[PROBLEM DETAILS]
Skip the pictures, and retype the data below in full, exactly.

[RECORDS SHOWN]

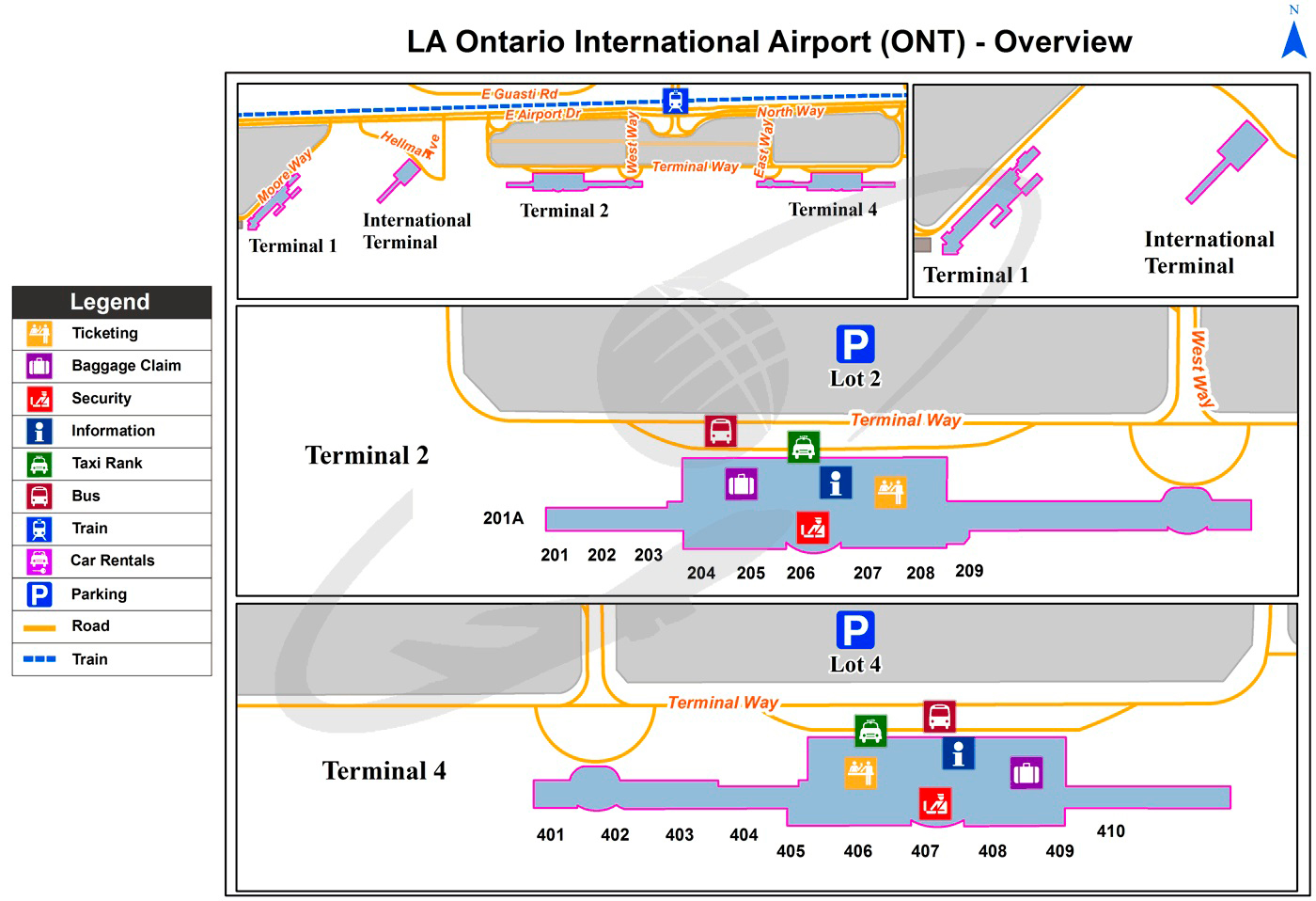 Ontario International Airport terminal map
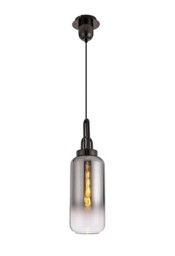 Yorktown 1 Light Ceiling Pendant E27 With 30cm Cylinder Glass, Black Chrome, Matt Black, Smoked, Clear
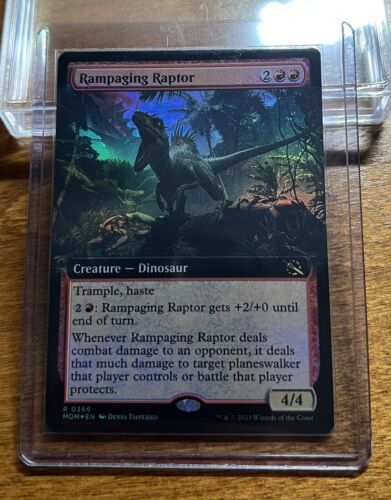 Rampaging Raptor - Foil - Extended Art - March of Machine - NM - MtG - Picture 1 of 2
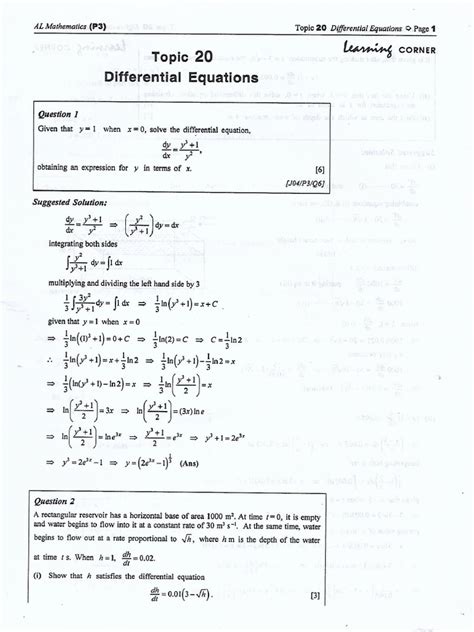 differential equations questions and solutions pdf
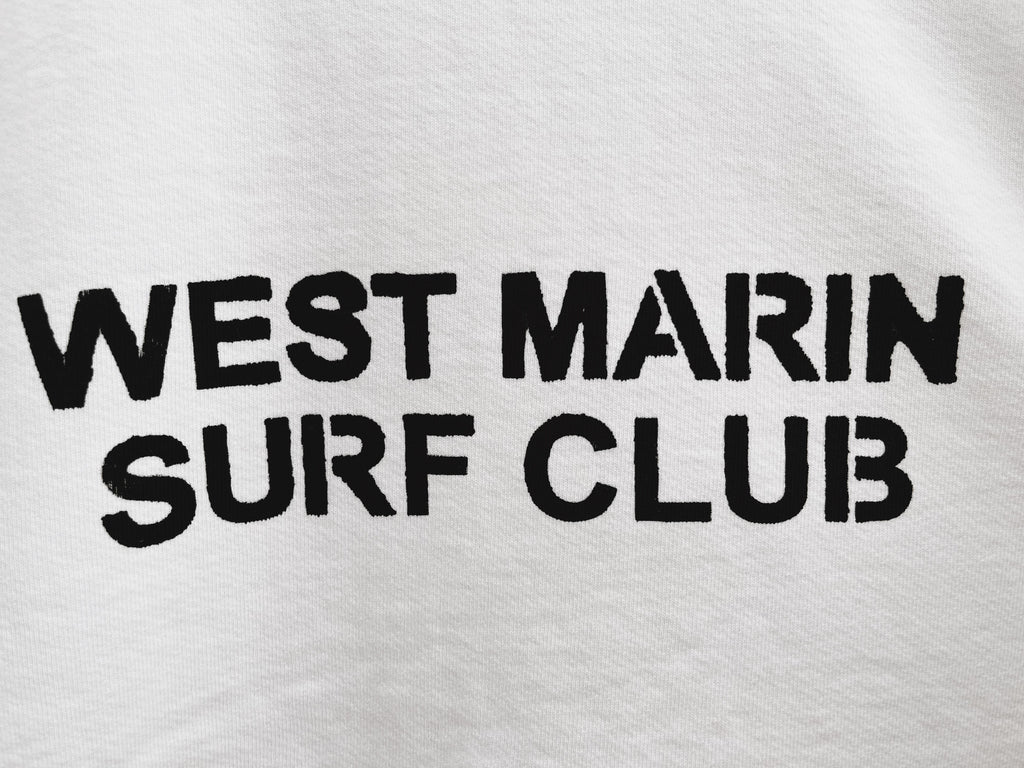 Heavy French Terry Crewneck Sweatshirt - White WEST MARIN SURF CLUB / OCN Culture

[TASK ANSWER]
 Ontario International Airport terminal map
 Yorktown 1 Light Ceiling Pendant E27 With 30cm Cylinder Glass, Black Chrome, Matt Black, Smoked, Clear
 Rampaging Raptor - Foil - Extended Art - March of Machine - NM - MtG - Picture 1 of 2
 differential equations questions and solutions pdf
 Heavy French Terry Crewneck Sweatshirt - White WEST MARIN SURF CLUB / OCN Culture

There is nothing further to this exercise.